Sometimes it’s a determination to do the right thing, damn the consequences, the anger, and dissent it will cause. Abraham Lincoln’s Emancipation Proclamation almost ended his presidency and eventually cost him his life, but he never wavered. He led in word and action, demanding incalculable sacrifice to prevent incalculable harm to the Republic.
It was John F. Kennedy’s call rallying a nation facing down communism, that “we shall pay any price, bear any burden, meet any hardship, support any friend, oppose any foe, in order to assure the survival and the success of liberty.”
It was Ronald Reagan, standing tall and resolute before the Brandenburg Gate, rapping out the cadences of the end of 70 years of Soviet oppression, confident that our way of life, our values, and our system were superior to communism.

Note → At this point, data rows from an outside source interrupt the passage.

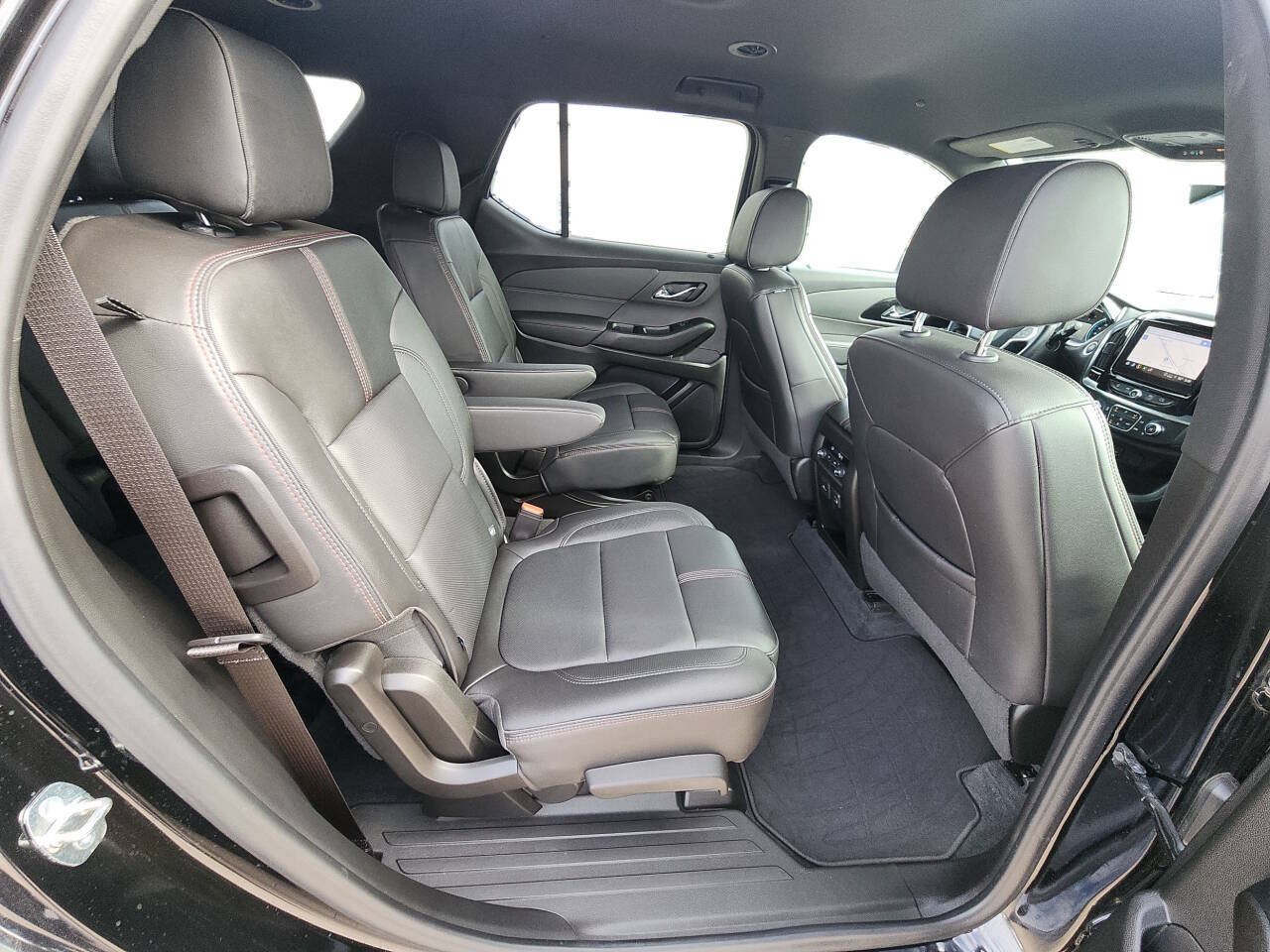 Used 2023 Chevrolet Traverse RS AWD/4WD image 43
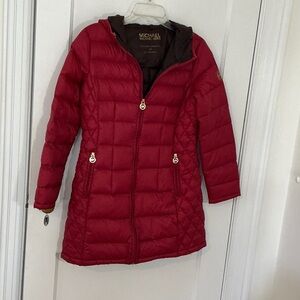 Michael Kors Women’s Warm Packable Down Coat, burgundy, size M, 3/4 length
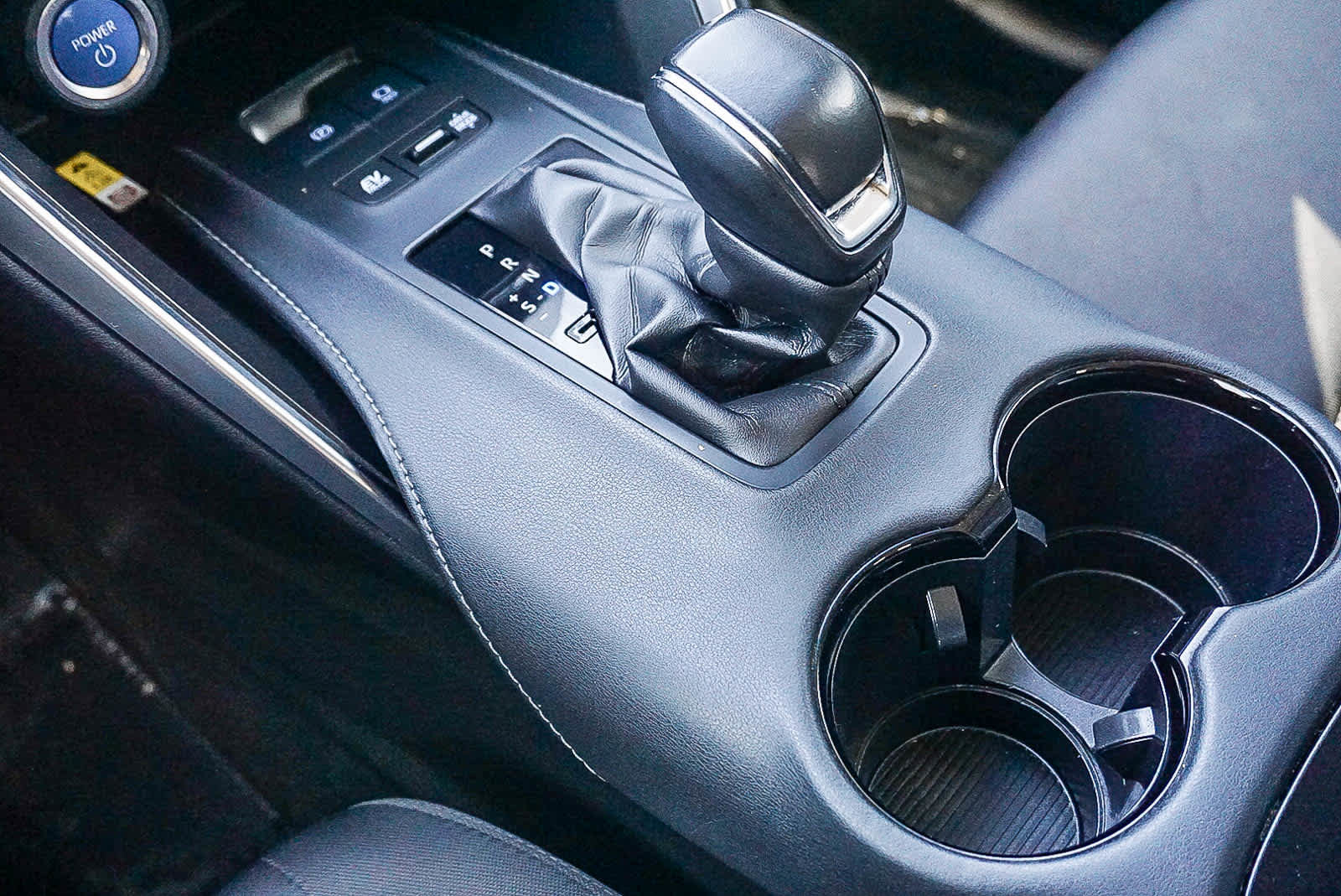 Used 2021 Toyota Venza LE w/ Carpet Mat Package (TMS) AWD/4WD image 22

It’s FDR in the well of the House, dragging a nation from the opiate stupor of comfortable isolationism and unleashing our military and industrial might in a devastating war to end the threat of Nazism, fascism, and Japanese militarism.
It doesn’t always come from a crafted, perfect speech.
Sometimes, it’s a haggard, strained George W. Bush mounting a fire truck in the smoking ruins of the World Trade Center, throwing his arm around a firefighter, and telling a grieving, angry nation, “I can hear you! The rest of the world hears you! And the people—and the people who knocked these buildings down will hear all of us soon.”
These are just a handful of examples in the long, brilliant catalog of American presidential leadership. Their styles were different, but all were grounded in our national character. Their leadership skills rose to meet the responsibilities of the office.
Leadership takes two things Donald Trump notoriously and evidently lacks: character and an ability to engage in political acts that go beyond oneself. He is almost completely obsessed with the spectacle of Trump, the performative presidency that is about his ratings, his appearance, his coverage. These are small, shallow things and anathema to selfless national leadership.
To be sure, every president has pondered his legacy and his role in history. They are still human, after all. But Donald Trump ponders only how Fox & Friends covers the previous day. Presidential leadership has never before been about tweeting, preening, or boasting. It hasn’t been an endless exercise in self-fellation until now.
DIGNITY
Who could have imagined that a man of Donald Trump’s spectacular vulgarity, vanity, and gimcrack gold-leaf aesthetic would turn out to be a president without a shred of dignity? Who would have thought a man with a grasp of history derived solely from movies and television would be unable to channel the wonder and power of this nation in times of crisis?
Who could imagine that a serial adulterer with a desperate need to have his manhood validated and who engaged in a string of risible, sleazy affairs would become an international laughingstock?
Who could have foreseen that the faux billionaire up to his ample ass in debt to God knows who would look at the White House as a way to nickel-and-dime the taxpayers and the GOP into bumping up his revenue stream at his hotels and golf courses?
Spoiler: everyone, ever.
Those of you who hoped the awesome power and majesty of the presidency would draw Trump away from decades of tawdry, low behavior were in for a rude surprise. George Washington embodied presidential dignity in a way that was transferred by some providential magic to almost every man who has held the highest office. Not so with Trump.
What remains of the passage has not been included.